Domestic Violence Assault Successfully Defended in Baltimore County District Court Maryland Criminal Attorneys handle a wide variety of criminal cases. Among the most common types of cases we see are domestic violence or family violence assaults. Prosecutors and Police categorize a case as domestic violence if it involves people who are involved in a romantic relationship whether or not they are married or children.

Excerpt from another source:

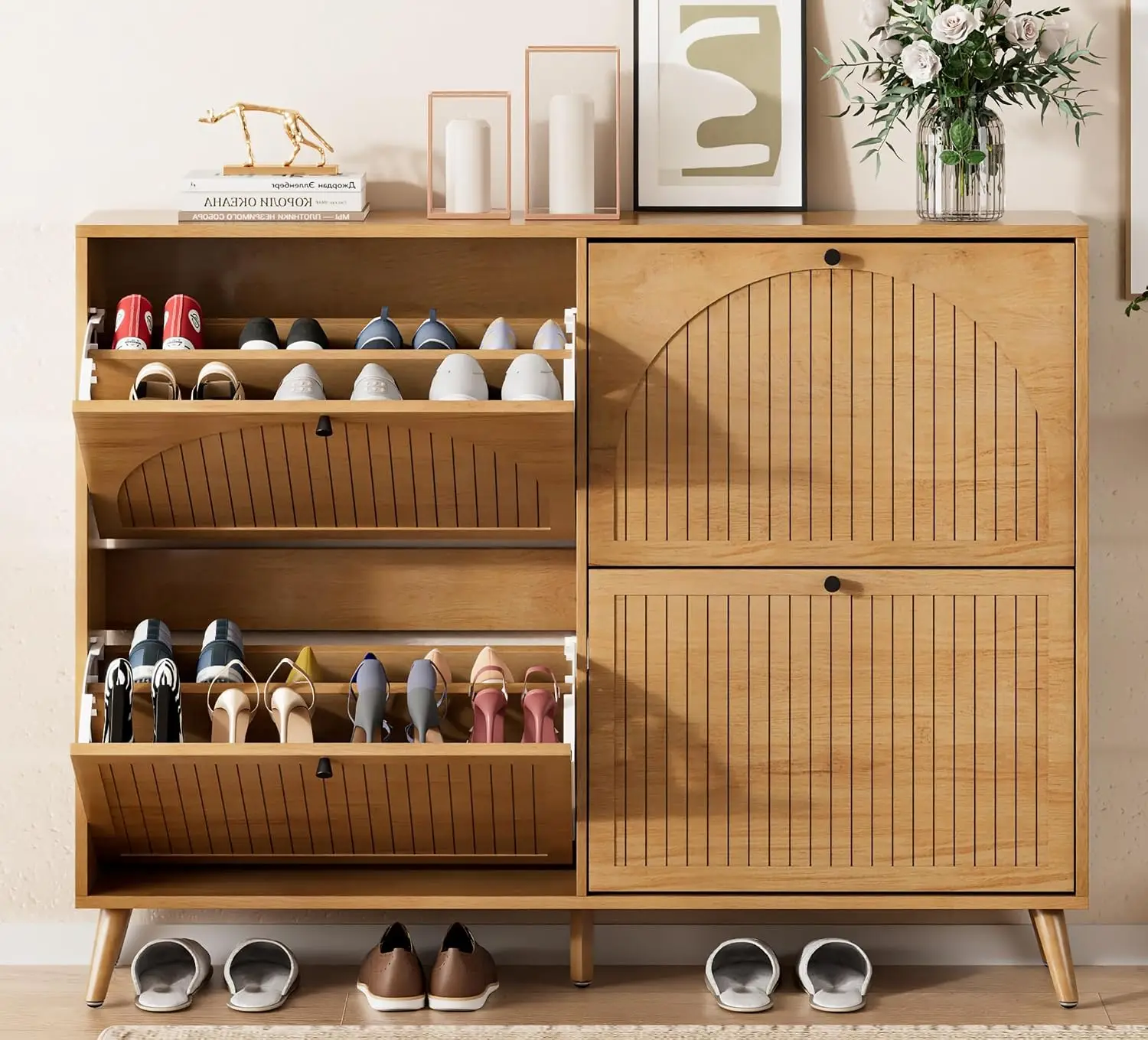 Entryway Shoe Storage Cabinet 4 Flip Drawers Oak Slim Freestanding Organizer Hidden Adjustable Shelves 2 In 1 Hall Tree Holds 18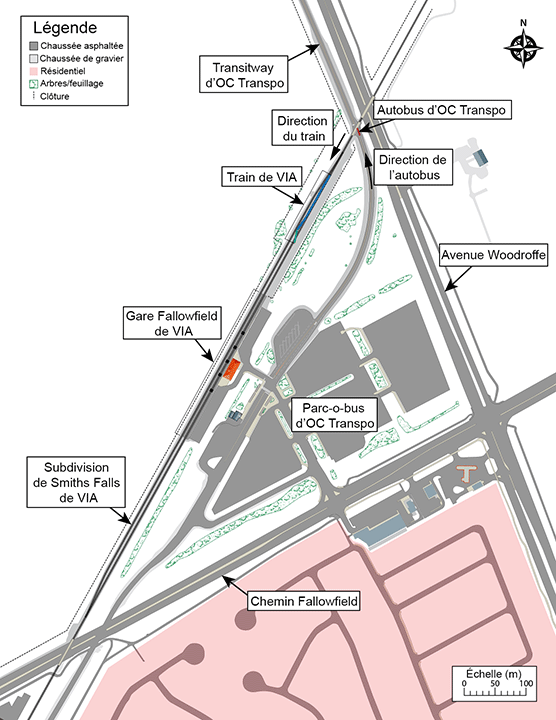 Schéma des routes et des voies ferrées dans les environs de la gare Fallowfield de VIA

As noted, these cases are increasingly common in the District and Circuit courts primarily because the police and prosecutors have become increasingly aggressive over the past few years in investigating, charging and prosecuting these matters. In many cases by the time these matters make it to court the parties have reconciled and the alleged victim will not cooperate with the authorities in the prosecution of the case. In other cases the alleged victim exaggerates or even fabricates the incident entirely because of some other motivation such as child custody or simple revenge. I tried a case falling into this latter category this week in the District Court for Baltimore County. Here are the facts:

My client is a 22 year old man with no prior criminal record or history of domestic abuse. At the time of the incident he was living with his girlfriend and their 1 year old daughter as well as her five year old son from a previous relationship. He came home one evening after work to find the house in a state of disarray as well as the children to be dirty and hungry. His girlfriend was talking on the telephone and essentially ignored him when he entered the home. Needless to say this made him a little angry.

He did not confront her and instead changed his daughter’s dirty diaper and began to feed the children. His girlfriend, while still on the phone, began to yell at him telling him that he was feeding the baby the wrong food and calling him an idiot and other profane insults. My client then lost his temper and took her phone from her and threw it over the second story balcony of their home. Both parties agree with the facts up to this point but no further. My client says that at this point his girlfriend attacked him repeatedly punching him in the chest and face. He says that after being struck five or six times he pushed her away causing her to stumble into a chair and fall to the ground. She sustained no injury. He then left the house.

His girlfriend then called the police and told the responding officer that my client had grabbed her by the hair and smacked her hard across her face with an open hand. The showed the officer a clump of hair that she claimed my client pulled from her head in the struggle. The officer documented her story in his report and noted that she had no visible injuries. My client’s girlfriend then went to the commissioner and filed assault charges against my client for which he was arrested a few days later. In the statement of charges she wrote a different and far more harrowing version of the events of that day. In that document she claimed that my client had knocked her down and then pulled her back up by her shirt only to knock her down again. At this point, she wrote, he put both hands around her neck choking her and then punched her three times in the back of the head.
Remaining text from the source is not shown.